> [Dataset extract]:
§

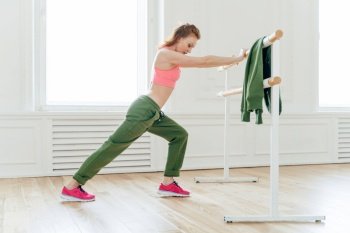 Sport, recreation, flexibility concept. Motivated strong female makes plank, leans at ballet barre, stretches before exercises prepares muscles or biceps for hard training. Aerobics instructor indoor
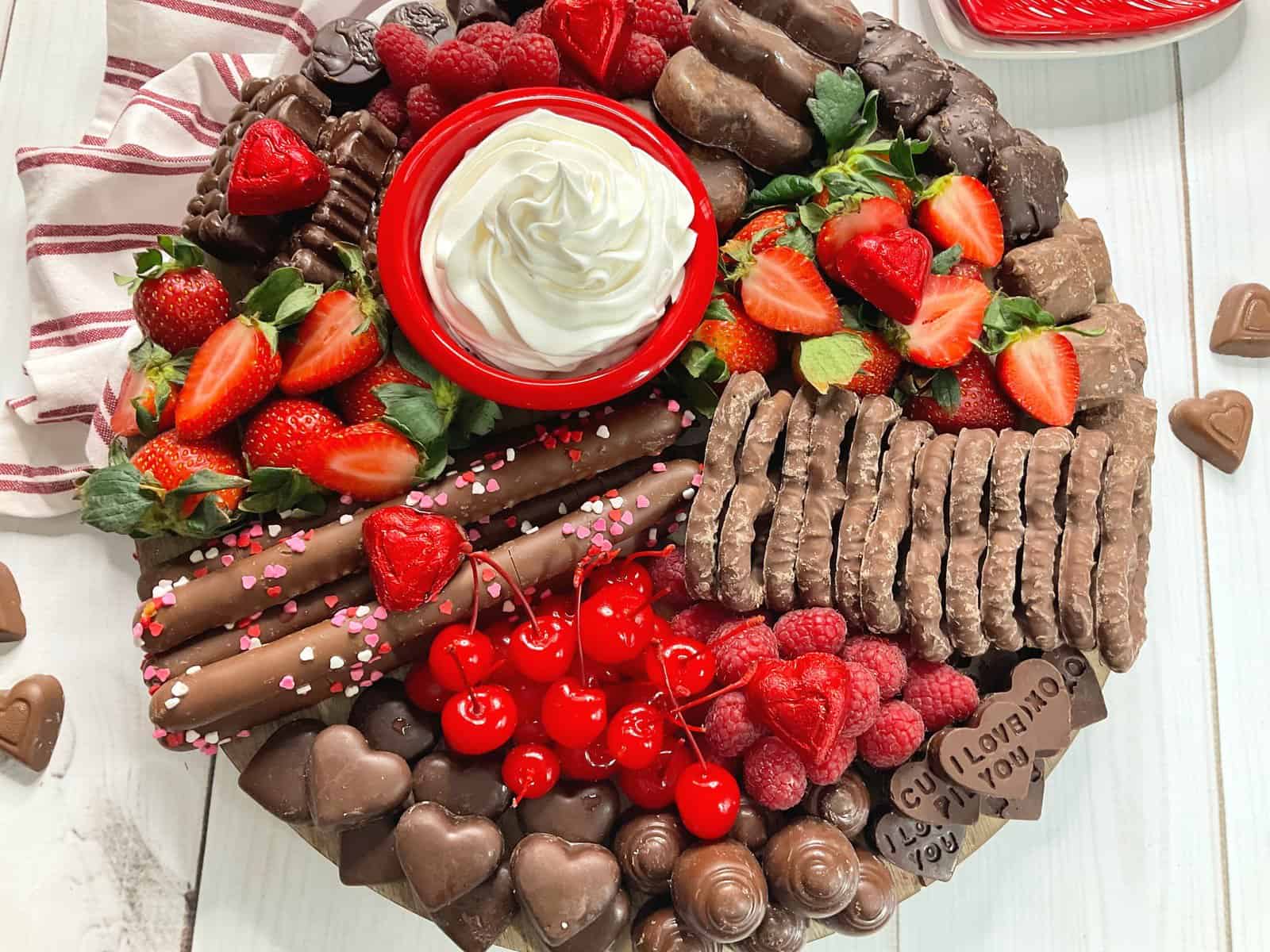 close up photo showing completed snack board with fruit, chocolate hearts, whip cream, chocolate covered pretzels, and chocolate hearts.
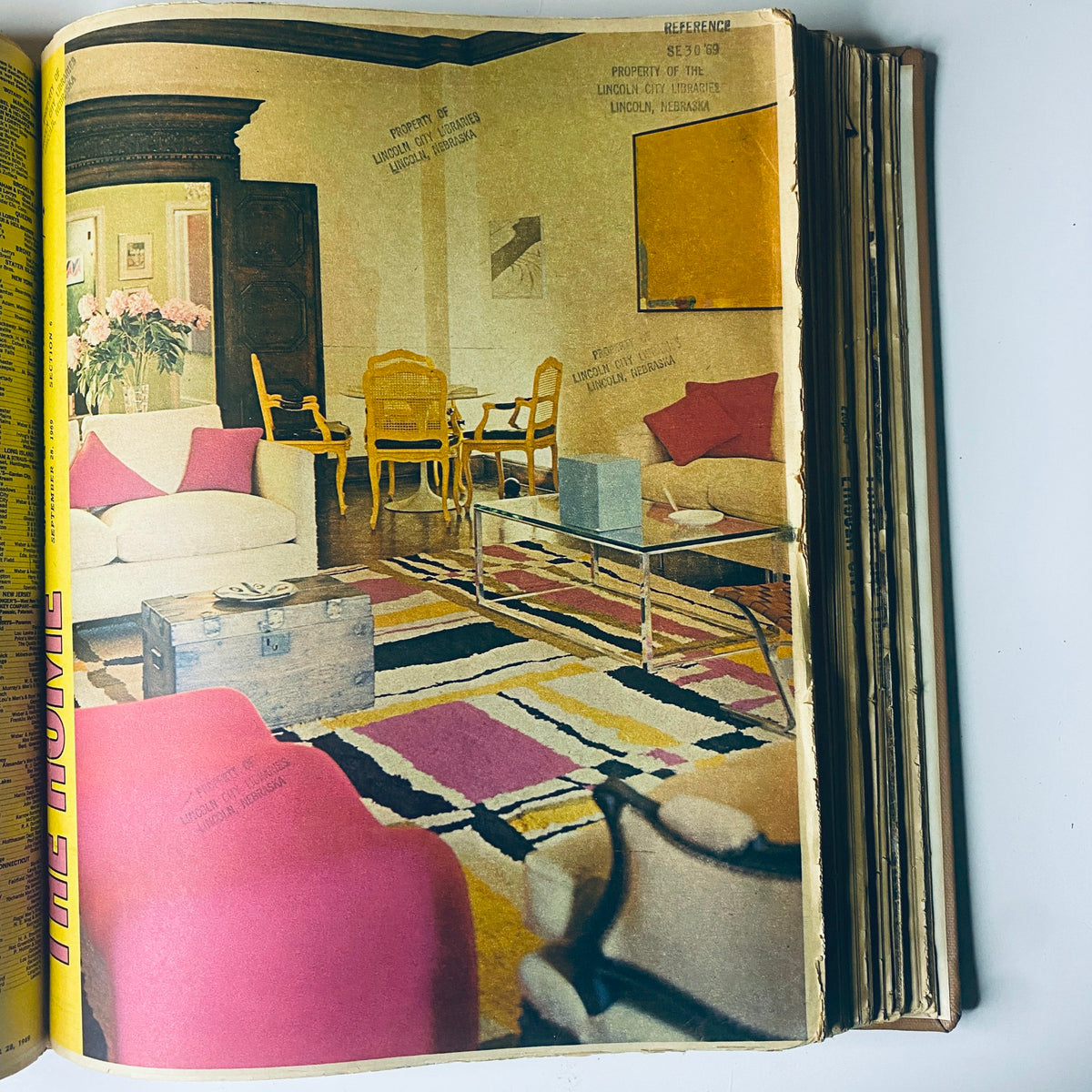 Interior design image from The New York Times Bound Magazine, showcasing a stylish living room with colorful furniture and decor, reflecting 1969 home trends.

§

> [What you have to do]: Set the lines above down again, word for word, from the first through the one containing "close up photo"; pictures excluded.

> [Your solution]:
 Sport, recreation, flexibility concept. Motivated strong female makes plank, leans at ballet barre, stretches before exercises prepares muscles or biceps for hard training. Aerobics instructor indoor
 close up photo showing completed snack board with fruit, chocolate hearts, whip cream, chocolate covered pretzels, and chocolate hearts.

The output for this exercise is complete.